*Requirement*: Would you please return the lines of the entries below starting at the line that has "Shorts By St" and ending at the line that has "Slide: The Image", both included, exactly as they are?

*Supplied data*:
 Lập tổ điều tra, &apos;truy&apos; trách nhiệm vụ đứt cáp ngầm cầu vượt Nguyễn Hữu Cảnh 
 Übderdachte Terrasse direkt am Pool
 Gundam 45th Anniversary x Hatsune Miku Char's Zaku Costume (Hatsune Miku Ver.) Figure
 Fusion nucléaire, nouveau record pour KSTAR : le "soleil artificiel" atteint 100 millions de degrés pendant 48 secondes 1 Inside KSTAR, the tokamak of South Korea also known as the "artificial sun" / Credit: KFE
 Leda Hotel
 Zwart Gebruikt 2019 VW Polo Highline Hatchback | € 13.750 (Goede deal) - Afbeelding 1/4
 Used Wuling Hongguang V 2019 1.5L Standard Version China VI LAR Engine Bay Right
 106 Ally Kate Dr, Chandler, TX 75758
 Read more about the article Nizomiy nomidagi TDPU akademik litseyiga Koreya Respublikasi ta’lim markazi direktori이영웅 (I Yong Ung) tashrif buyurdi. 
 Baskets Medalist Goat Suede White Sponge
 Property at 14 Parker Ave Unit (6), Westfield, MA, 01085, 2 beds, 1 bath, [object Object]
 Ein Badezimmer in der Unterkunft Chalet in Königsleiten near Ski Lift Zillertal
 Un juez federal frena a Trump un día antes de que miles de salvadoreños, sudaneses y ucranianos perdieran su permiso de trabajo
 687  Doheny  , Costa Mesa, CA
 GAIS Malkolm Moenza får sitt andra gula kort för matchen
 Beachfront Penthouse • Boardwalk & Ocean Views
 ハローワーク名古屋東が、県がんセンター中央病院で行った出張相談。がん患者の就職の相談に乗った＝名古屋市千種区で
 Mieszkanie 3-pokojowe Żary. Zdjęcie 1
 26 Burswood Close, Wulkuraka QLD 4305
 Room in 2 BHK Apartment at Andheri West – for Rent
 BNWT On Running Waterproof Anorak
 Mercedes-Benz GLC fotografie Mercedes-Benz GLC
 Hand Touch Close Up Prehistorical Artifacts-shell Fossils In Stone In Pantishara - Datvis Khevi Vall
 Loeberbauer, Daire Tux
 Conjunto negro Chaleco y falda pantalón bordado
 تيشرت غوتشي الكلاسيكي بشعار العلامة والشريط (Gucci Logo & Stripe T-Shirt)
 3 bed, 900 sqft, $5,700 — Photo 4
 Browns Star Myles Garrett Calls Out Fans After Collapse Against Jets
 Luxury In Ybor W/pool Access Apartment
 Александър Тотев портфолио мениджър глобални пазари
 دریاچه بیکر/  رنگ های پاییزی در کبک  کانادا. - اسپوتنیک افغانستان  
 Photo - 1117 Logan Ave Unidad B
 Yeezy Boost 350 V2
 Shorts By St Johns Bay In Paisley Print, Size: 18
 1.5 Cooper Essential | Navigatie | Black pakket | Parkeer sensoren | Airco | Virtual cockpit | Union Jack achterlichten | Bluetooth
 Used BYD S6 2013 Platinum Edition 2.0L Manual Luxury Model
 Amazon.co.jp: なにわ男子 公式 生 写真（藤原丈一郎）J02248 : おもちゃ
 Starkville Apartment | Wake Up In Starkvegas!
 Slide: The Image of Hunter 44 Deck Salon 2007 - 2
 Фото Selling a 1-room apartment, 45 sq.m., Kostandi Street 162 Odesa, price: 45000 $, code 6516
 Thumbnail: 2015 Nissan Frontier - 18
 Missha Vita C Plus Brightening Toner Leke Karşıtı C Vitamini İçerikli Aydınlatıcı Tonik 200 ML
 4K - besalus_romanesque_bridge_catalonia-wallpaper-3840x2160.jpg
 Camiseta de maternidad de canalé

*Problem solution*:
 Shorts By St Johns Bay In Paisley Print, Size: 18
 1.5 Cooper Essential | Navigatie | Black pakket | Parkeer sensoren | Airco | Virtual cockpit | Union Jack achterlichten | Bluetooth
 Used BYD S6 2013 Platinum Edition 2.0L Manual Luxury Model
 Amazon.co.jp: なにわ男子 公式 生 写真（藤原丈一郎）J02248 : おもちゃ
 Starkville Apartment | Wake Up In Starkvegas!
 Slide: The Image of Hunter 44 Deck Salon 2007 - 2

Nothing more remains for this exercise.